Tukali stepped closer. It looked as if a human boy, Tukali guessed, had been covered head to foot with strange, angular pieces of metal. The metal pieces clustered mainly about the boy’s head and shoulders, as if someone had sought to create some bizarre configuration of armor out of the boy’s skin.
“Look closely, Turanian,” advised Ashlara. “It is the gilded madness. Those chains are all that keep our guest from wandering back into the temple or the crypts below.”
“Where did he come from?” Tukali wondered aloud.
“We found him roaming around in our temple. He must have strayed in through an unknown passage. We drove him down here so we could study him. As far as we can tell, his plague is not a result of any design of our deity’s.” Her voice quickened in her excitement. “But we can use this disease, use it to capture Conan!”
“How? I don’t see how infecting the Cimmerian will do aught else but cover him in that,” he pointed at the metal-encrusted skin of the boy, “and make him disappear. We want him in Aghrapur.” Sharif’s control manifested itself strongly, already masking Tukali’s original intentions of aborting the mission from the warrior’s own mind.

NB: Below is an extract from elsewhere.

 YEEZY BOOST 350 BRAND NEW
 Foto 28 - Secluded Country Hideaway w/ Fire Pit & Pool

“One important aspect of the gilded madness we’ve discovered is that it drives the victim into a mindless state,” Ashlara explained. “Your Cimmerian will forget himself, and when he does it will be but a simple matter to bind him thus,” she gestured to the prisoner, “and drag him back to Turan.”

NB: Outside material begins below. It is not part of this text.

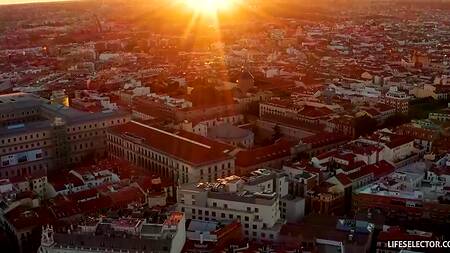 Сексуальная русская сучка с большими сиськами заглаживает вину трахаясь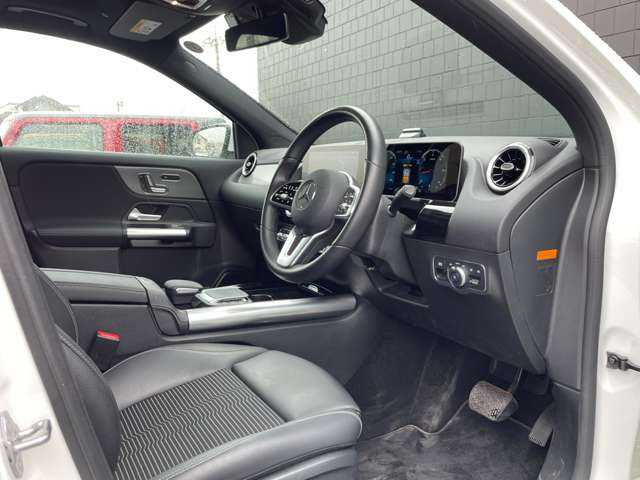 メルセデス・ベンツ ＧＬＡ２００ｄ 4マチック 埼玉県 2020(令2)年 3.3万km ポーラホワイト パノラミックスライディングルーフ/黒ハーフレザーシート/レーダーセーフティＰＫＧ/純正HDDナビ/(Bluetooth/USB/フルセグ)/３６０度カメラ/パワーシート/シートヒーター/パワーバックドア/ドライブレコーダー/ＥＴＣ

“How do we infect him?” asked Tukali.
Ashlara hesitated. Her spell linked Sharif’s mind to Tukali’s so that the wizard could control the thoughts and actions of his minion, but she was unsure whether or not the wizard’s control would extend to supporting a directive that could be suicidal for the Turanian warrior. She decided to risk the chance of Tukali’s mind rebelling and regaining control. If worse came to worst, she could always try to displace Tukali’s spirit from its earthly vessel and grant Sharif complete dominance over the warrior’s body, though it would cost her dearly. “The gilded madness is spread by touch, so you will touch him,” she nodded toward the pathetic form on the floor before them, “and then you will touch the Cimmerian.” She stopped, waiting for a reaction from Tukali as she let the information sink in.
Tukali, for his part, seemed unaware or uncaring about his personal welfare. Only the mission mattered. “I understand,” he said after a second’s pause. “How will I be able to capture and transport Conan if the disease causes me to forget myself as well?”
Ashlara smiled, chuckling silently at the irony. “Your master will guide your actions for you through magic. When you arrive in Aghrapur, Sharif will be able to tend to your ailment directly.” No doubt, she thought, by killing him before the Cimmerian himself was slain.
Not even a shadow of doubt flickered across Tukali’s face at Ashlara’s explanation. Through the haze of Sharif’s control Tukali blindly accepted whatever fate they bestowed upon him. He stepped forward, looking down at the glimmering boy plucking feebly at his chains. Tukali’s hand reached out, tentatively, then grasped the boy’s bare upper arm. The boy didn’t even flinch, lost in whatever waking nightmare the gilded madness had trapped him in.
Ashlara summoned forth the eunuch, who had quietly followed the two into the small dungeon. “Take him to the surface, and see that he touches none within the temple. Have the Keeper lead him out by a short length of rope–we can’t have him getting infected.”
The eunuch bowed, then carefully herded Tukali back up to the streets of Khorshemish so he could deliver his virulent parcel, perchance to his only real friend in all the world.